Data extracted from a collection
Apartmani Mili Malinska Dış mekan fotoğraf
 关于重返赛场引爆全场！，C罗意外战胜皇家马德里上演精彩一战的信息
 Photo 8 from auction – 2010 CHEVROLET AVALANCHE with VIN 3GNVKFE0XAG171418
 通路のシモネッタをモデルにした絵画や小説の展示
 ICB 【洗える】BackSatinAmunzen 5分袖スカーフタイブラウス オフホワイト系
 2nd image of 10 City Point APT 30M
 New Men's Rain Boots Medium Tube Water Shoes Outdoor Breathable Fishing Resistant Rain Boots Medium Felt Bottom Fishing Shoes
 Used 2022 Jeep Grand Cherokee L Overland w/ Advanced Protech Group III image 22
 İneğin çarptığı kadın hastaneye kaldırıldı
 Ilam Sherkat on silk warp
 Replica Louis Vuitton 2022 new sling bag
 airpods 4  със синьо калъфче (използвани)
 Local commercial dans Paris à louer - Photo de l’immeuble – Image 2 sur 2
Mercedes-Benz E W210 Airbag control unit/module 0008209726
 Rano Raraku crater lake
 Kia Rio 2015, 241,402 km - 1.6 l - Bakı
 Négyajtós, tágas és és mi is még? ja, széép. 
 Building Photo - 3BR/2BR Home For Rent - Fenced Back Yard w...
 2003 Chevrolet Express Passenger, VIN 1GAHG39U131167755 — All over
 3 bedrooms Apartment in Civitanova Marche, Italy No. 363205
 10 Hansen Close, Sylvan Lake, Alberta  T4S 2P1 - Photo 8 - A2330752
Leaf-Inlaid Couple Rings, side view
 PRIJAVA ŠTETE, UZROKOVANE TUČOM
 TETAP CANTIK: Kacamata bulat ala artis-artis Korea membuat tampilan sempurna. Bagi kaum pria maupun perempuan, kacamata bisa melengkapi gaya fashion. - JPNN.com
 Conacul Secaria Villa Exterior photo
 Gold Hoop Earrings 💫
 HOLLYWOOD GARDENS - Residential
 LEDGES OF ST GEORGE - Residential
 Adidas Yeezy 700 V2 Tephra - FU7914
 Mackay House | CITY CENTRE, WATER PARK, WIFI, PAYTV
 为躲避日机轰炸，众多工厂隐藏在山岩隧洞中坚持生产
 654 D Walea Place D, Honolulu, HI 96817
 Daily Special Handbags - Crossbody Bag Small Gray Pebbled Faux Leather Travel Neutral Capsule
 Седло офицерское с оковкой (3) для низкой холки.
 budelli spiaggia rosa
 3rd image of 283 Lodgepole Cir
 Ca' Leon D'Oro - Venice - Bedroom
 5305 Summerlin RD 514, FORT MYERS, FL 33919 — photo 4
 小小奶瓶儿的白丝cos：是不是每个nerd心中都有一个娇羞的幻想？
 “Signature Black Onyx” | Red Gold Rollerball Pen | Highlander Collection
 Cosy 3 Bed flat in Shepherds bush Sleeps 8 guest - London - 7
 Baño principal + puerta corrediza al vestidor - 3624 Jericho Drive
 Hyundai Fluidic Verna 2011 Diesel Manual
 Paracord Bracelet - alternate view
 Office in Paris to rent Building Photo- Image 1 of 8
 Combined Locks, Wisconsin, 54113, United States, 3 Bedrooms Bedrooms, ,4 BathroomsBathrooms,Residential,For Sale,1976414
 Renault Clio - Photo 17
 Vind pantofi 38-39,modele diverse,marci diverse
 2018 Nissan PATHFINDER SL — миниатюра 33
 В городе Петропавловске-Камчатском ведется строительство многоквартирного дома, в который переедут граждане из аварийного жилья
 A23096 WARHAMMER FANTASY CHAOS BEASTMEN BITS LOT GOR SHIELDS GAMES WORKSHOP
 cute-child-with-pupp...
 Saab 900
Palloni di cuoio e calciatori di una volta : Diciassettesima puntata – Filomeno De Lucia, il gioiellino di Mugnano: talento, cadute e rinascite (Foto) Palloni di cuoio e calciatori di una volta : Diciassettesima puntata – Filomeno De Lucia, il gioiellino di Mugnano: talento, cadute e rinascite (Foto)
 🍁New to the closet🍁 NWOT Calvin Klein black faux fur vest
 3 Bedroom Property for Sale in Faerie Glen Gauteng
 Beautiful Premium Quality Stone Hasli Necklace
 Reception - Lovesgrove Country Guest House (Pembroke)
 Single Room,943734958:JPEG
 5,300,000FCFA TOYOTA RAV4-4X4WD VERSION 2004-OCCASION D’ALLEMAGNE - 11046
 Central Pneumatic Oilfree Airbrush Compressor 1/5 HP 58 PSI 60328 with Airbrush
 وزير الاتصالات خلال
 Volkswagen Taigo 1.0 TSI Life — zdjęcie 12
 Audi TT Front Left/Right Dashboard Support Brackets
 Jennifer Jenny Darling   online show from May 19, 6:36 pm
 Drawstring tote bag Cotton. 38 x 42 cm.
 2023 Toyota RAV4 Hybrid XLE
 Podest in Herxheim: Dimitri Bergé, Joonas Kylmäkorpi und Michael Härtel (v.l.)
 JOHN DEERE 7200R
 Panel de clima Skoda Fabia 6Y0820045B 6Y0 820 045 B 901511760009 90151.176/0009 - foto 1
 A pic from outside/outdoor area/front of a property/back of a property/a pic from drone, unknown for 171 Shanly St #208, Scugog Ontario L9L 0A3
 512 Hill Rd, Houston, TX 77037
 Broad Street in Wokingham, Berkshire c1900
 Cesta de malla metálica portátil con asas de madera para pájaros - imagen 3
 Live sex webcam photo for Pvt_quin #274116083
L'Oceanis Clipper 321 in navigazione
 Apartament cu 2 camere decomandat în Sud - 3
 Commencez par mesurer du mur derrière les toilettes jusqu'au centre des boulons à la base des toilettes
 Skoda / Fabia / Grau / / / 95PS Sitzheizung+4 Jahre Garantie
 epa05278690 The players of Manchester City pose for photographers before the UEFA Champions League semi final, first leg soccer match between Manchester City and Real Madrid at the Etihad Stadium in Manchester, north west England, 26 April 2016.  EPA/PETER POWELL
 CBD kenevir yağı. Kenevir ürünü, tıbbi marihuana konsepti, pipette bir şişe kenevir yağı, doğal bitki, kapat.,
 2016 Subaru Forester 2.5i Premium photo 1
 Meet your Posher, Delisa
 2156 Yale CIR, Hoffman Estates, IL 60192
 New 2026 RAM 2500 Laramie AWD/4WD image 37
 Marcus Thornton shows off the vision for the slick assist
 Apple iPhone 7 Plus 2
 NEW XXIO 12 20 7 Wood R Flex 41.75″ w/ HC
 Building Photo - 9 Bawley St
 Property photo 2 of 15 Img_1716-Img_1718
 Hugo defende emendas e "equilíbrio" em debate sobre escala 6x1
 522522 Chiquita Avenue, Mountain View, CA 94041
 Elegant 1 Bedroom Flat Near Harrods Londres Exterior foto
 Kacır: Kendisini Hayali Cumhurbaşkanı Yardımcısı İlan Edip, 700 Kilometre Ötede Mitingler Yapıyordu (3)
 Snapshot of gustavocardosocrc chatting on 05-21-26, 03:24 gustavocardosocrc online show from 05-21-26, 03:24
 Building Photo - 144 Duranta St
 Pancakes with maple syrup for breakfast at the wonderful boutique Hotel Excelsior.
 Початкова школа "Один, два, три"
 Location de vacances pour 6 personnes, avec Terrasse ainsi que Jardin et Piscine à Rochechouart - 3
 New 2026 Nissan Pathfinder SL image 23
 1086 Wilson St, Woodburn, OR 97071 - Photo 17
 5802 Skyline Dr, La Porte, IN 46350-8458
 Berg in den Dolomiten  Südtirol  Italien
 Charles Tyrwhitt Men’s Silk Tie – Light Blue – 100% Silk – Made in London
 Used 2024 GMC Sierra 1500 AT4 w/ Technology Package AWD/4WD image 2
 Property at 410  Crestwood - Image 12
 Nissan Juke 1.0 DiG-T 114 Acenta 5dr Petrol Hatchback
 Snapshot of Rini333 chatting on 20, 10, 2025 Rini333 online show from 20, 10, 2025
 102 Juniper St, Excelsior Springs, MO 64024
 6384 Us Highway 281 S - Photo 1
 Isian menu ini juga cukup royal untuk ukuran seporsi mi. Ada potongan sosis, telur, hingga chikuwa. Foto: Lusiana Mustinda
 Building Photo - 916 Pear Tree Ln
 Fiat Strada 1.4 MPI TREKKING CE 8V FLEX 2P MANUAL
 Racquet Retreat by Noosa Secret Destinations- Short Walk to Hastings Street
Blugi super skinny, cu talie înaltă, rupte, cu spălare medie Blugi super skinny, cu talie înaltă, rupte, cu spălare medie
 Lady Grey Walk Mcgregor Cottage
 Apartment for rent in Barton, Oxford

WHAT YOU HAVE TO DO:
Lines to set down from above: the line with "为躲避日机轰炸，众多工厂隐藏在山岩隧洞中坚持生产", the line with "Cosy 3 Bed flat", and every line between, each exactly as written.

SOLUTION FOR THIS TASK:
 为躲避日机轰炸，众多工厂隐藏在山岩隧洞中坚持生产
 654 D Walea Place D, Honolulu, HI 96817
 Daily Special Handbags - Crossbody Bag Small Gray Pebbled Faux Leather Travel Neutral Capsule
 Седло офицерское с оковкой (3) для низкой холки.
 budelli spiaggia rosa
 3rd image of 283 Lodgepole Cir
 Ca' Leon D'Oro - Venice - Bedroom
 5305 Summerlin RD 514, FORT MYERS, FL 33919 — photo 4
 小小奶瓶儿的白丝cos：是不是每个nerd心中都有一个娇羞的幻想？
 “Signature Black Onyx” | Red Gold Rollerball Pen | Highlander Collection
 Cosy 3 Bed flat in Shepherds bush Sleeps 8 guest - London - 7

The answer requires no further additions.